Referring to figure 2, there is shown a scanner including the scanning ultrasound probe of figure 1. The ultrasound probe 30 is connected to a 128 to 1 multiplexer switch unit 31. The multiplexer switch unit 31 is connected by a bus 33 to a probe controller 32 which tells the switch unit 31, in a transmit mode, which particular single one of the 128 transducers of the acoustic module 38 is to be operated next for emission of the sound wave impulse or which tells the switch unit 31, in a receive mode, to multiplex the 128 transducers of the acoustic module 38 to 1 for receiving the reflected sound wave or echo.
The probe controller 32 is also connected to a drive unit 34 which is connected to the switch unit 31. The drive unit 34 can be actuated by the probe controller 32 to provide the appropriate transducer trigger drive pulse in the transmit mode so as to operate or fire the particular single transducer selected via bus 33 to emit a sound wave impulse. The drive unit 34 also includes an amplifier which amplifies the reflected sound wave signal received via the switch unit 31 in the receive mode, and applies an exponential time gain compensation (TGC) in a similar manner to that disclosed in
US-A-5 031 627 so as to provide an output to the probe controller 32. The probe controller 32 has a 100 MHz digitizer, which samples this analogue output from the drive unit 34, as well as a setting means for setting the exponential TGC gain and rate.
The probe controller 32 is also connected to a computer 35 which controls the timing and selection of which transducer is to be operated, controls the sampling and hence conversion of the reflected sound wave and displays on a display (not shown) the image translated on the basis of the sampled reflected sound wave in a 256 color representation of the reflected sound wave. The display can be printed or put into archive storage according to patient.

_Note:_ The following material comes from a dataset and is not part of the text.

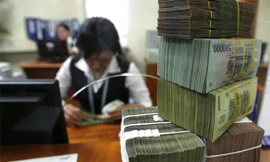 Khuyến cáo Việt Nam cải cách tài khóa triệt để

The image of such a scanner can depict a linear scan width of the skin area of 12.8 mm wide and with differing selected depths, for example in the range from 3.6 to 14.4 mm. The firing rate of the transducer is typically at 1 ms intervals.
Essentially, the computer 35 selects each transducer of the probe 30 in succession during successive transmit modes with a receive mode between the emission of each sound wave impulse. Thus, a linear scan width or transmission pattern is produced over time.
It will be apparent that the probe can be applied directly to the skin surface without the need for a water bath. Furthermore, the probe can be auto-indexed and translated along a predetermined path, for example around a breast.
In addition, the structure of the linear transducer array enables it to be mounted in various probes both for external and internal body investigations. The number of transducers used and the array thereof can be varied according to requirements. The frequency and other operating characteristics of the transducers can also be varied. It will be understood that the embodiment illustrated shows an application of the invention in one form only for the purposes of illustration. In practice, the invention may be
applied to many different configurations , the detailed embodiments being straightforward for those skilled in the art to implement.